The first publishing success to really engage the reasons for the war was a strange and rambling book by Confederate President Jefferson Davis. Twenty years earlier, Davis had framed the choice to secede in simple terms: “Will you consent to be robbed of your property” – meaning slaves – or will you “strike bravely for liberty, property, honor and life?” But looking back, he preferred to say that the slavery issue had been trumped up by “political demagogues” in the North “as a means to acquire power.”

Davis’ book, The Rise and Fall of the Confederate Government, became a polestar for the Lost Cause school of Civil War history, which takes its name from an 1866 book by Richmond newspaper editor Edward Pollard. Highly selective and deeply misleading, the story of the Lost Cause was immediately popular in the South because it translated the Confederacy’s defeat into a moral victory. It pictured antebellum life as an idyll of genteel planters and their happy “servants” whose “instincts,” in Davis’ words, “rendered them contented with their lot… Never was there happier dependence of labor and capital on each other.”

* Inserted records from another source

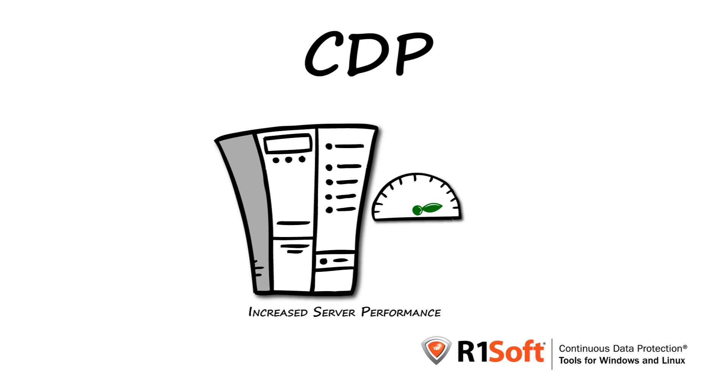R1Soft CDP greatly increases server performance by eliminating the need to continuously run performance-killing, full or incremental backups.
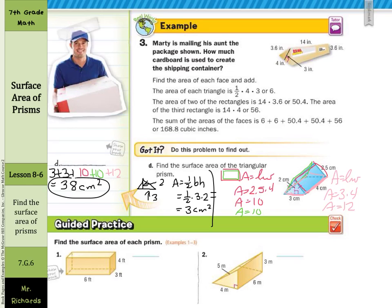That is it for this lesson on surface area of prisms. We can use the formula for rectangular prisms, but we need to break apart our triangular prisms.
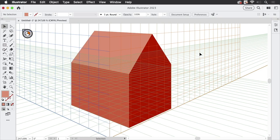Hello and welcome to the VectorGarden YouTube channel. My name is Monika and in this video we are going to talk about how to rotate objects in Illustrator's perspective grid.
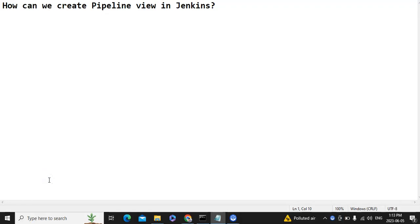Hi all, welcome to Easy Way to Automation. Today we are going to see how we can create a pipeline view in Jenkins. In the last class we created a few upstream and downstream jobs, so today we are going to create a pipeline for that. Let's go to the Jenkins dashboard.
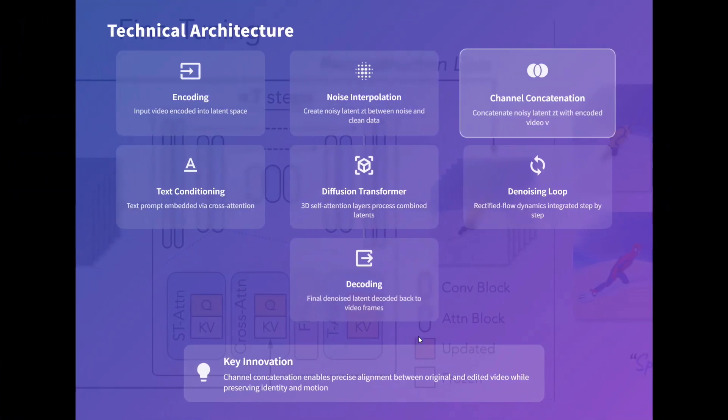What is the technical architecture? It uses encoding — the input video is encoded into latent space. Then noise interpolation happens, followed by channel concatenation, concatenating the noisy latent ZT with the encoded video V. Text conditioning happens via text prompt embedded through cross-attention. Then diffusion transformers come into the picture, a denoising loop runs, and finally decoding produces the output. This is a brief technical overview — you can take a pause and read the slide for a basic understanding.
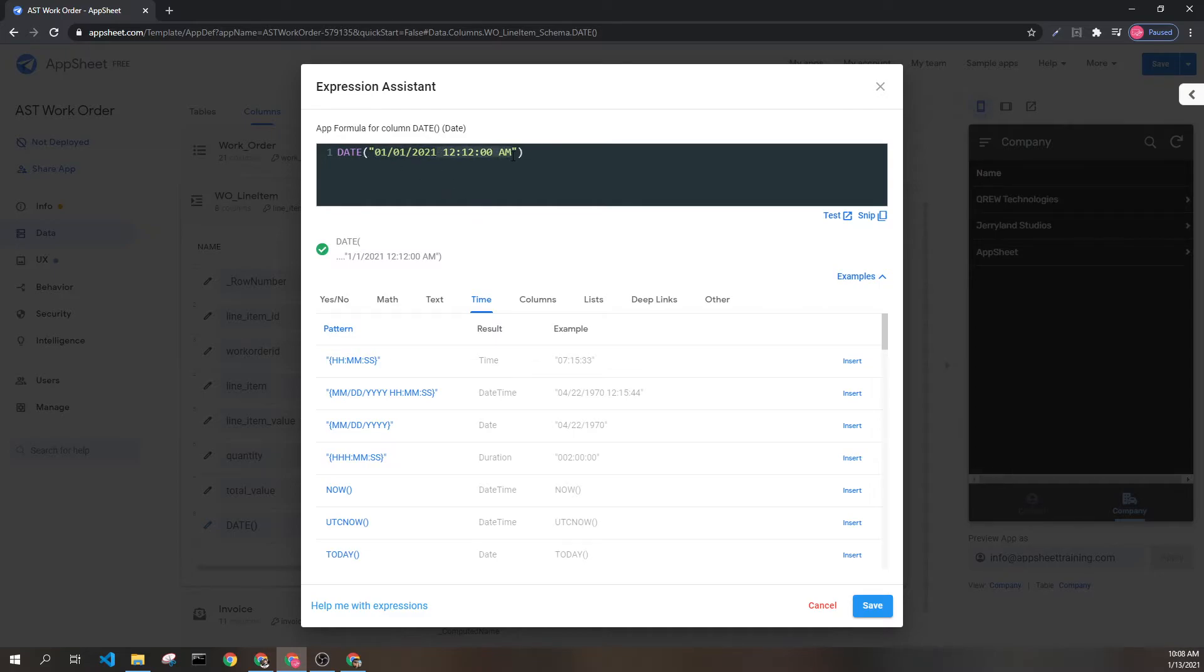This will lose any time information associated with it. So if we try to cast it back, this is not going to be the same.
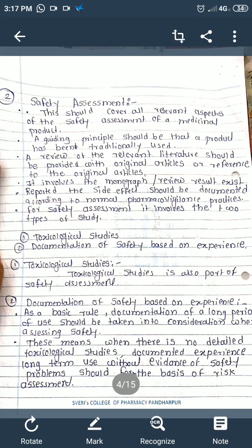The second WHO guideline is the safety assessment. This should cover all relevant aspects for safety assessment of medicinal products. A guiding principle is that traditionally used drugs — for example, curcumin — should have their basic information reviewed. A review of relevant literature should be provided with original articles, and any reported side effects should be documented according to normal pharmacovigilance practices.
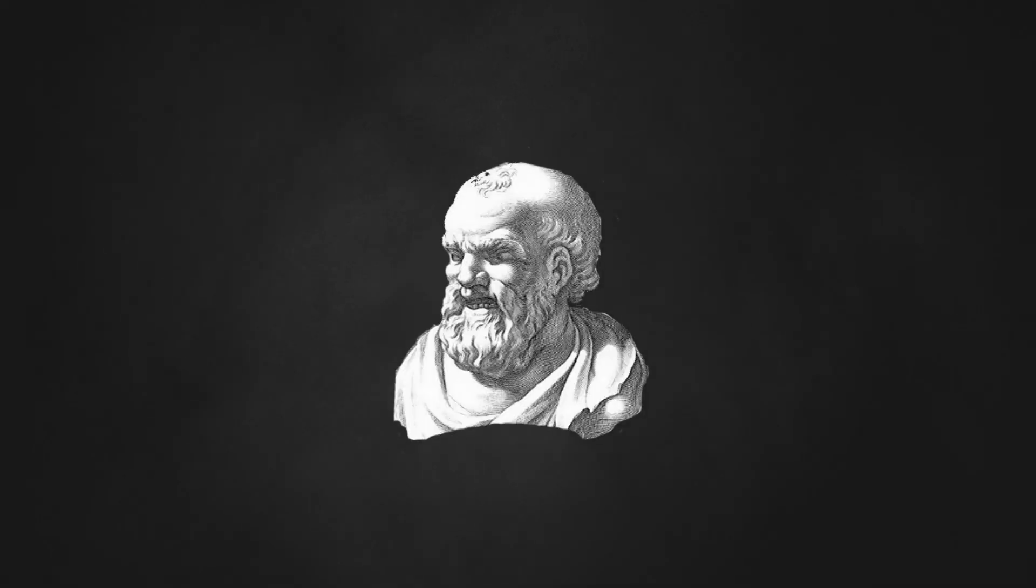Democritus, therefore, was skeptical of our ability to know anything with certainty. Thank you very much and until next time.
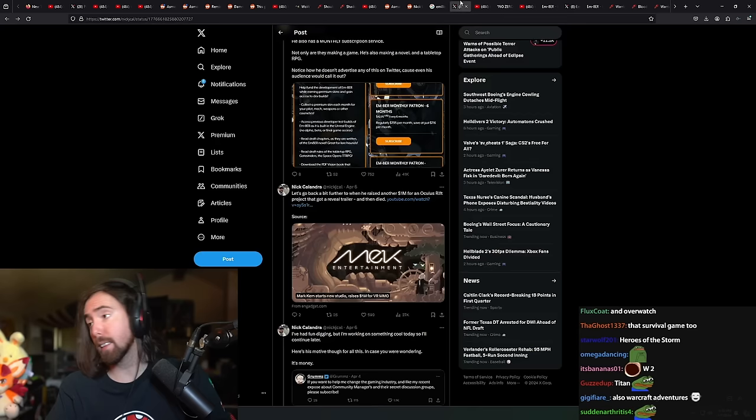What's the rest of it? I've done some digging. I've thought I had something cool later today to continue. Here's his motive for all of this, in case you were wondering. If you want to help me change the gaming industry, like my most recent expose on the community manager and their secret discussion groups, please subscribe.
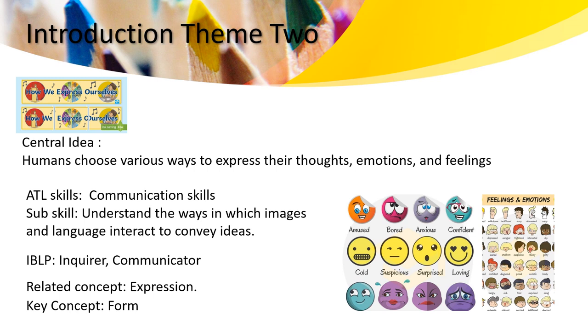This week we are still in the central idea: humans choose various ways to express their thoughts, emotions and feelings. We will use this week's ATL skill communication, as we will be understanding the way in which images and language interact to convey an idea.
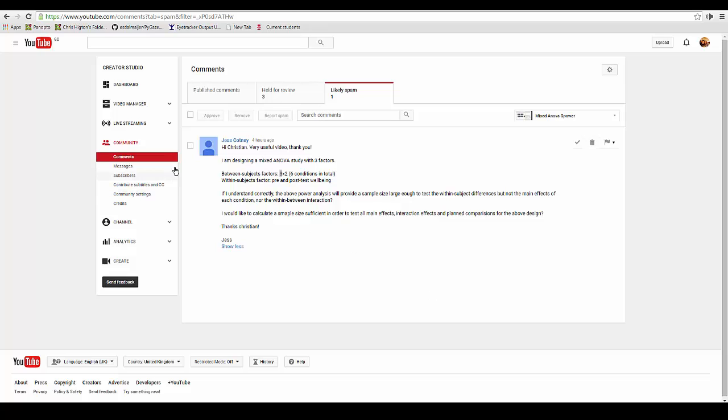Hello Jess. If I understand your question correctly, you have designed a three-factor ANOVA and you've got six conditions in total. So you've got the between-subject factors of three, and then you're measuring them twice, so you've got a three by two ANOVA.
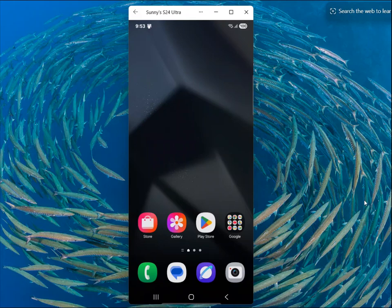Good day everyone. Today we'll learn how to enable Dolby Atmos in Samsung Galaxy Ultra phones.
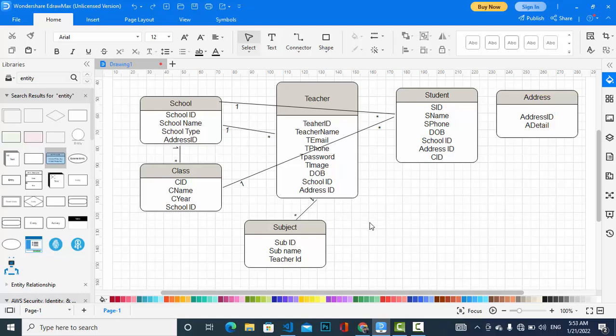The subject also has a relationship with class, because there will be many subjects in a class and a class has many subjects. For example, math may be taught in 4th, 5th, and 6th grade. This is a many-to-many relationship, so we should create an associative entity — a junction table — for this.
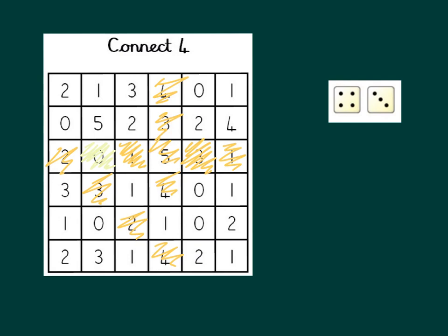What would be great is if you can put in your home learning book either one of the games that you've had a go at, the sheet, and just pop it in your home learning book, or maybe a comment on how you got on with the game. That would be fantastic. Can't wait to see you back in class.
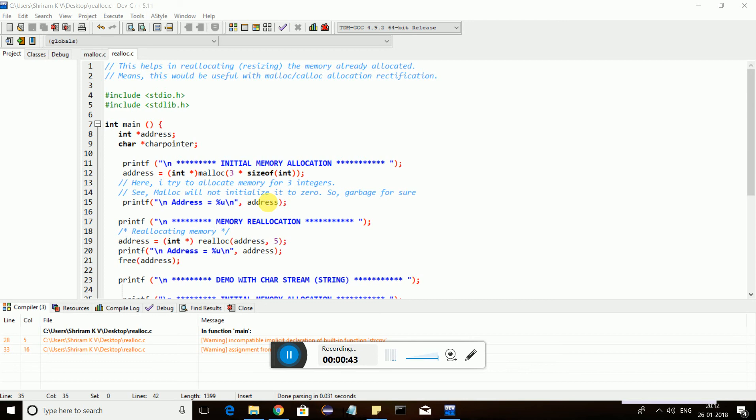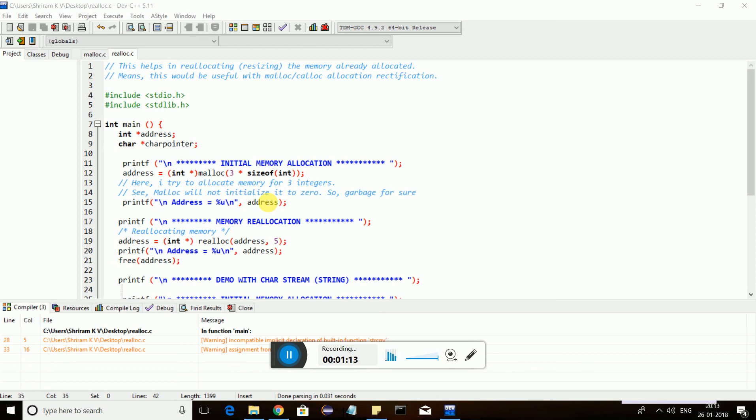I'm going to give you a clear view of how realloc can be used. Assuming I have allocated five bytes of memory with malloc or calloc, I feel that it is not sufficient for me to proceed with my operation. I need to have some more memory allocated, but it has to start from the same place. It's an extension of the existing memory. I will use realloc to reallocate the memory which has already been allocated to a different size.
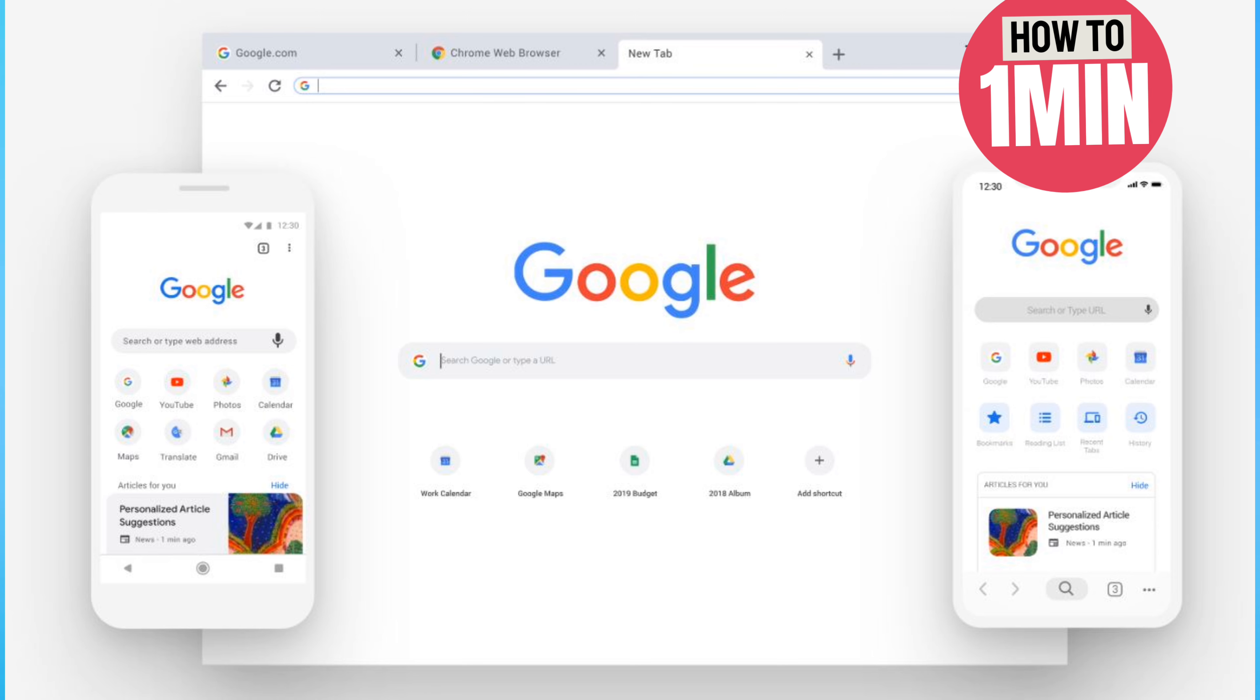So that's how you can disable guest mode on Chrome. I hope you find this video helpful. That's it for today. Thank you for watching.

But then: “The tempter came, like the serpent of Eden, and decoyed them with the majic word of ‘freedom.'” Though outgunned and outnumbered, the South fought heroically to defend itself from aggressors whose factories up north were the true slave drivers. And though God-fearing warriors like Robert E. Lee and Thomas “Stonewall” Jackson outgeneraled their foes at every turn, ultimately the federal swarm was too large and too savage to repel.

The Lost Cause story required a massive case of amnesia. Before the war, Southerners would have scoffed at the idea that the North was overwhelmingly stronger. They believed that King Cotton was the dominant force on earth and that powerful Britain – where roughly 1 in 5 people depended on cotton for a living – would intervene to ensure Confederate victory.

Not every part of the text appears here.